**TASK GOAL**
Print, word for word, the opening line of the data below and every line after it through the line that contains "Preview for 6", but not the pictures.

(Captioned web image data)
————————

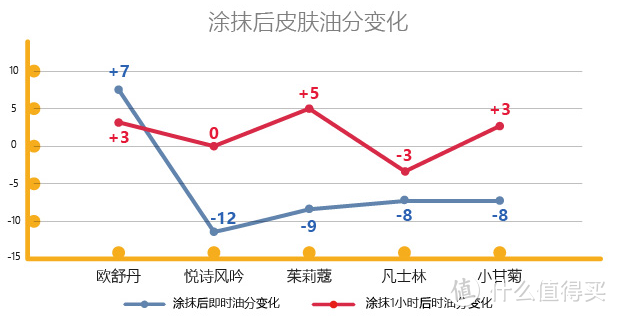 【每周测评】 小甘菊、欧舒丹……哪款护手霜配得上你的第二张脸？​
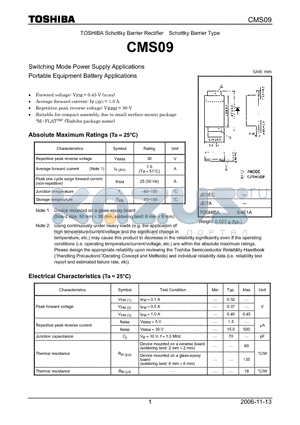 CMS09_06 datasheet - Switching Mode Power Supply Applications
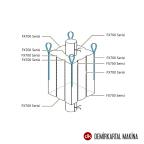 FX700 Series Chain Stitch Big Bag Sewing Machine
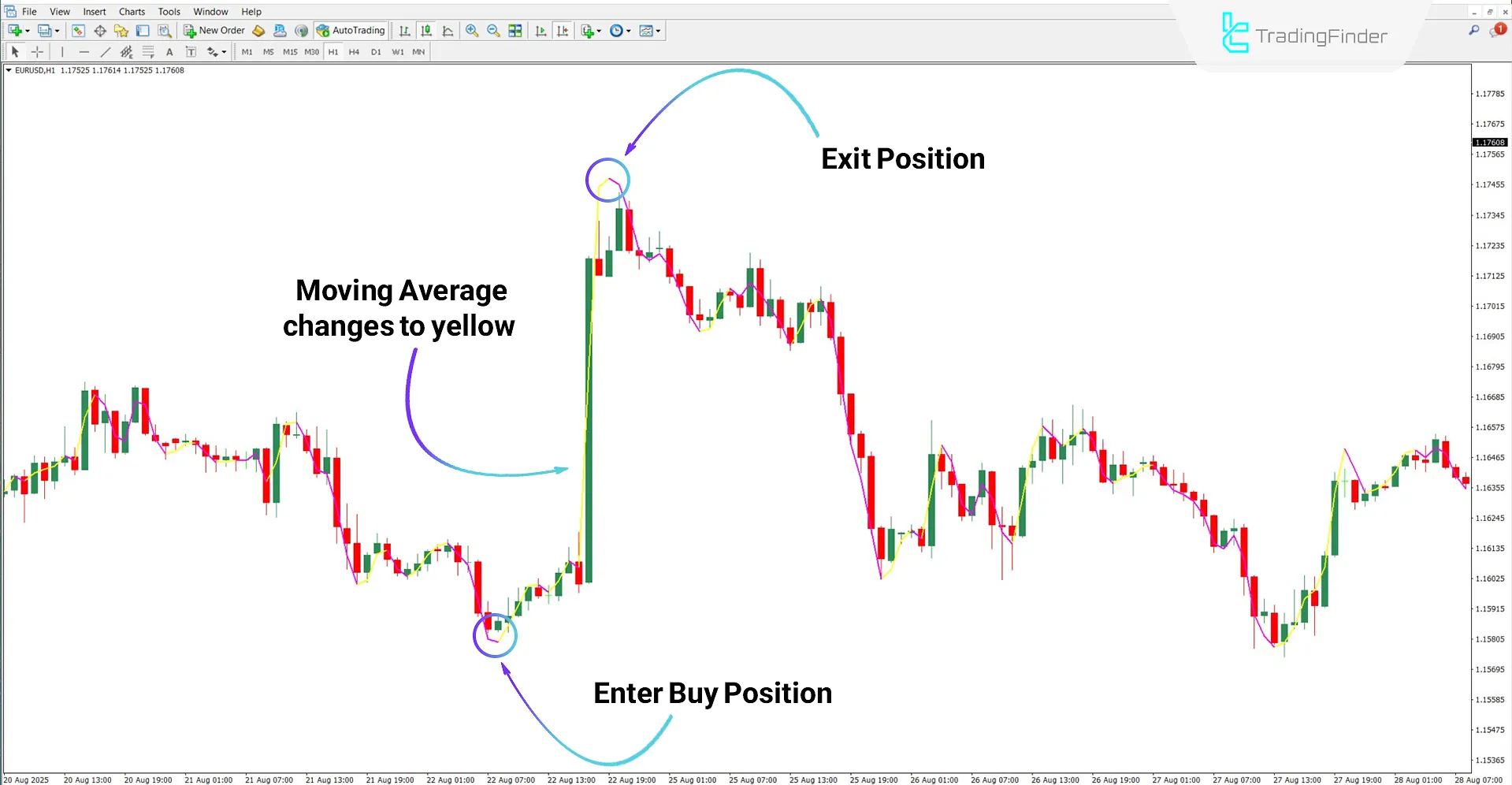 Execute Line Indicator for MT4 Download – Free – [TradingFinder] 1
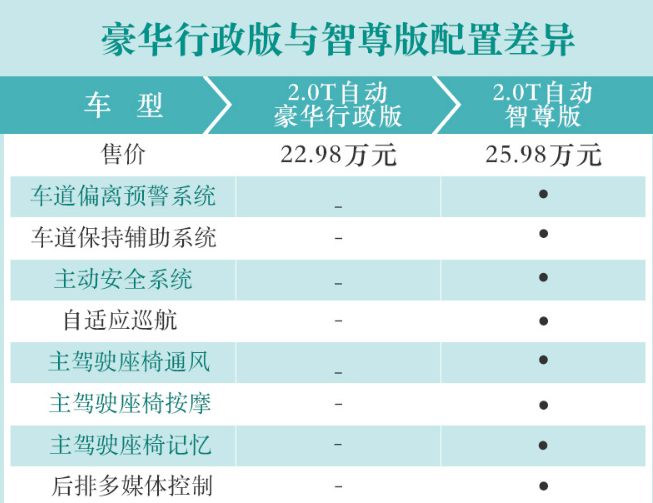 大通G20行政版和智尊版配置差异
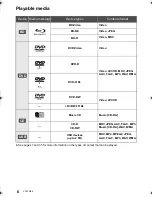 Preview for 6 page of Panasonic DMPBD79 Operating Instructions Manual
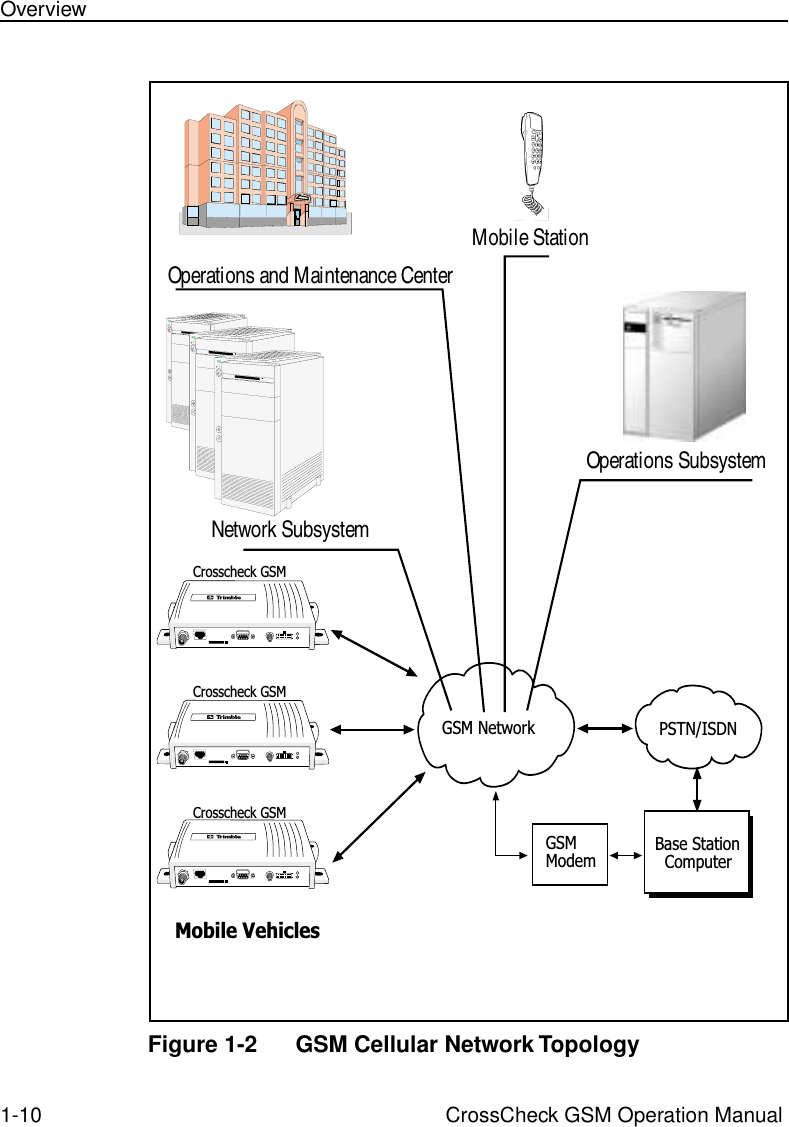 1-10 CrossCheck GSM Operation ManualOverviewFigure 1-2 GSM Cellular Network TopologyPSTN/ISDNGSM NetworkMobile VehiclesBase StationComputerCrosscheck GSMGSMModemCrosscheck GSMCrosscheck GSMNetwork Subsystem     Operations SubsystemOperations and Maintenance CenterMobile Station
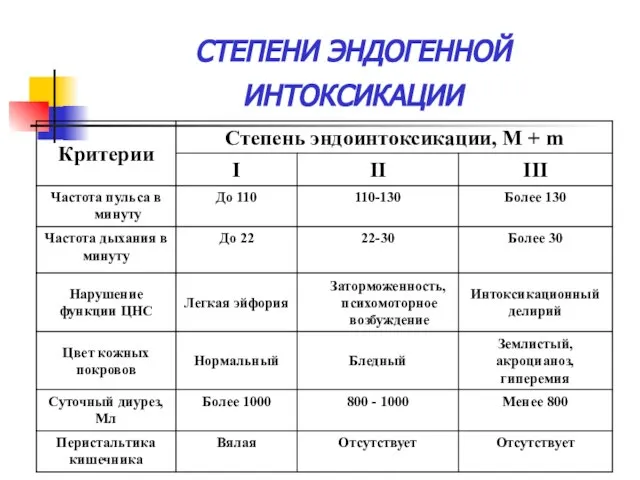 СТЕПЕНИ ЭНДОГЕННОЙ ИНТОКСИКАЦИИ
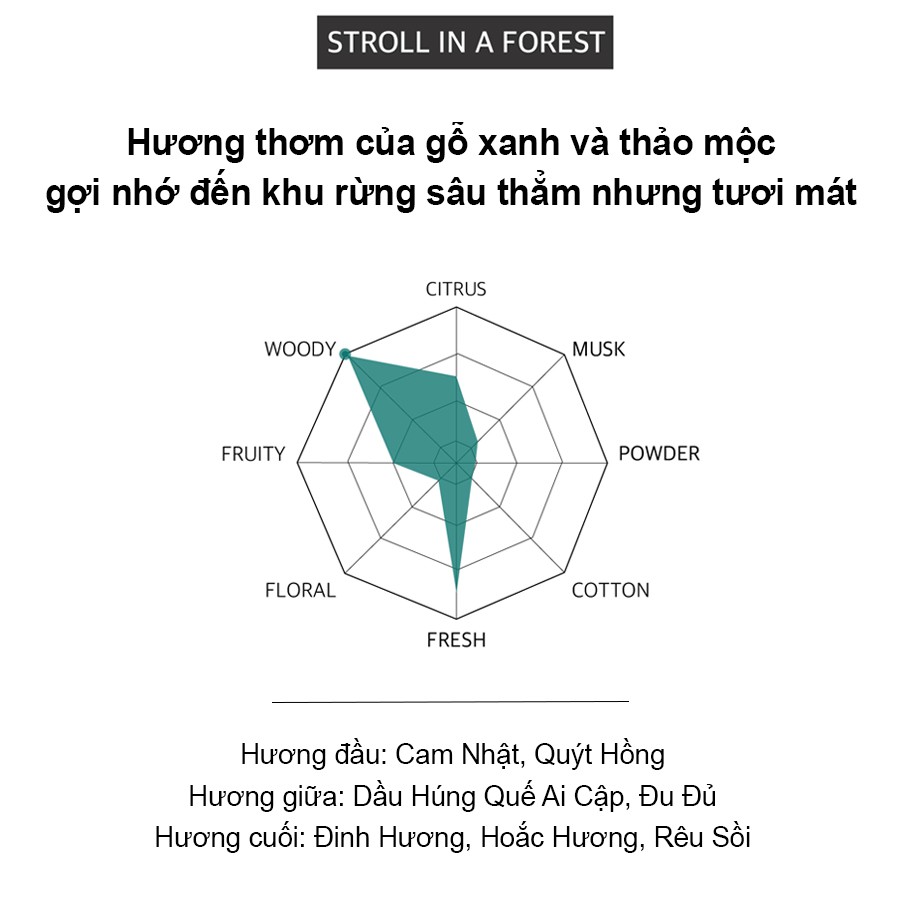 Nước Hoa Xịt Khử Mùi Quần Áo NICHE STITCH_Mỹ phẩm Hàn Quốc chính hãng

————————

**YOUR SOLUTION**
 【每周测评】 小甘菊、欧舒丹……哪款护手霜配得上你的第二张脸？​
 CMS09_06 datasheet - Switching Mode Power Supply Applications
 FX700 Series Chain Stitch Big Bag Sewing Machine
 Execute Line Indicator for MT4 Download – Free – [TradingFinder] 1
 大通G20行政版和智尊版配置差异
 Preview for 6 page of Panasonic DMPBD79 Operating Instructions Manual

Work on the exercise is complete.